Sunday, November 6, 2022

Russia’s Neighbors Now Debating Whether They’re Better Off with a Strong Russia or a Weakened One Bent on Revenge

Paul Goble

            Staunton, Nov. 5 – Given the defeats Russian forces have suffered in Ukraine and increasingly frequent suggestions that the Russian Federation may collapse, analysts in some of Russia’s neighbors are now debating an issue that has long roiled people in the West: will they be better off with a strong Russia or a weakened one bent on revenge?

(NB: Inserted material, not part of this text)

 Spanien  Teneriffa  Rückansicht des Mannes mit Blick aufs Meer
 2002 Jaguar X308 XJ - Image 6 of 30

            Almost no one in these countries wants a Russia so strong that it will be able to successfully reconquer them, but the political commentariat in at least some of them at least is divided between those who say that a strong Russia might be dangerous but a significantly weakened one might be an even greater threat.

            That is because, these analysts suggest, a strong Russia would not feel the need to occupy others but could focus on promoting its interests in other ways while a weakened one might decide that the only way to present itself as strong and to win legitimacy for its leaders is to engage in military campaigns like the one it has launched in Ukraine.

            An example of such discussions is provided by Yuliya Kistkina of the QMonitor portal in Kazakhstan. She spoke with two experts, Zamir Karazhanov, a Kazakh political scientist, and Maksim Kramarenko, head of the Kazakhstan Institute of Eurasian Politics, who consider in some detail this issue (qmonitor.kz/politics/4533). 

            Karazhanov says that either a victory or a loss by Russia in Ukraine could pose a threat to Kazakhstan. If Russia loses and is seen to lose, it may fragment and/or lash out. If it “wins,” that will only be a short-term development because Russia will incur serious costs and losses as it tries to absorb Ukraine and may also decide that its “victory” there could lead to others.

            Kramarenko on the other hand sees the disintegration of Russia as unlikely but posing potentially serious consequences for Kazakhstan either because instability could bleed over its borders or because a new central state might see a foreign war as useful to it. Thus, both a weak Russia and a strong one represent threats.

            What Kazakhstan needs is a stable Russia that focuses first and foremost on its own domestic development. Whether the war in Ukraine will lead to that, however, remains very much an open question.